Still long on Gilead (GILD): $120 PT

Price target: $120 Time frame: 1-2 years

A year after my original call (http://https://rchenmit.github.io/2016/08/13/gilead-one-mans-sickness-is-another-mans-profit/), I am still long GILD. The positive drivers clearly outweigh the overblown fears.

Positive Drivers:

  • the recent Kite Pharma acquisition
  • Gilead will continue to print money with non-alcoholic steatohepatitis (NASH) drugs

Overblown Fears:

  • “the hepatitis C (HCV) revenues are decreasing!”
  • “the HCV patents are expiring!”

The overblown fears should be non-issues.

Gilead continues to print money

Gilead has been growing rapidly the last few years, most recently generating 46% increase in free cash flow year over year in 2015 and 284% increase in 2014. Gilead generates an operating cash flow of nearly $20 billion per year, representing 55% of revenues. Compare that to a pharmaceutical industry average of 24%.

The recent acquisition of Kite Pharma will allow for strategic entry into the CAR-T space, opening up a new set of cash cows.

Gilead poised to be a leader in NASH therapeutics

A large number of these are going after non-alcoholic steatohepatosis (NASH), a highly prevalent liver condition linked to obesity with no approved treatment regimen that affects over 3 million people in the USA. With obesity rates rising exponentially (projected to hit 50% of all Americans by 2030), the NASH pipeline could generate tremendous value.

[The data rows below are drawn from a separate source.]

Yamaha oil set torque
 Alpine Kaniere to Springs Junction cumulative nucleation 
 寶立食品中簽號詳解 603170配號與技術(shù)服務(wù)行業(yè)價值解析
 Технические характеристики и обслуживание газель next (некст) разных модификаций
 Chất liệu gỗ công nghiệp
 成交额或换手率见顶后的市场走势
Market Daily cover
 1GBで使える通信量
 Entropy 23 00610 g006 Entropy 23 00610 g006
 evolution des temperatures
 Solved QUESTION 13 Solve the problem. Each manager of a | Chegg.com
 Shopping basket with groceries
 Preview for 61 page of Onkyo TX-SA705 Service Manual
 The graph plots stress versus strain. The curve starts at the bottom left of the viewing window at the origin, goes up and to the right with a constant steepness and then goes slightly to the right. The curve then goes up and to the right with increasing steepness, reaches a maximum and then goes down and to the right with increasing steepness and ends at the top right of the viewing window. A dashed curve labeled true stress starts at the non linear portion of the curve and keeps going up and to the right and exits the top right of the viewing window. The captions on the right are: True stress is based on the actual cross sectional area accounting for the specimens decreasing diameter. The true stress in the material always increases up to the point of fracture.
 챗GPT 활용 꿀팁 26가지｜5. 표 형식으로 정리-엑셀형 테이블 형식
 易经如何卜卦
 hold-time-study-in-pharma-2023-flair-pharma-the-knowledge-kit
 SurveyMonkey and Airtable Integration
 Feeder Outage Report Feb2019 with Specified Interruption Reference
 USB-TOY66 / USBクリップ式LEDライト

The risk-reward profile is more promising than ever

Modeling a base case with a discounted cash flow analysis, where we assume that Gilead is able to keep its 2H2015 prescription numbers for HCV and HIV until 2020, followed by yearly declines due to patent expirations and rising completion, the value per share of Gilead stock is $120. If we model a bull case, where we assume that prescription numbers continue to rise and reach peak levels at 2020, with minimal compromise of market share from competitors, we could see the share price could push $200 a share. If we model a bear case, where we assume that prescription numbers start declining now and lead to a 0 revenues for the HCV and HIV lines after 2022, Gilead would be worth $65/share. The bear case seems highly unlikely given superior efficacy of Sovaldi and Harvoni compared to its competitors. Keep in mind that these stock prices are conservative in that they don’t account for the potentially high revenue streams from the NASH pipeline as well as other therapeutic areas. With an upside of 40% in the base case and 132% in the bull case, and a limited potential downside of 25% in the bear case, Gilead is a great buy. Those investors who are willing to challenge the consensus will be deeply rewarded over the long term.

Bottom Line:

Gilead has been and will continue to be a well executed pharmaceutical company dedicated to introducing therapies for deadly diseases to the world.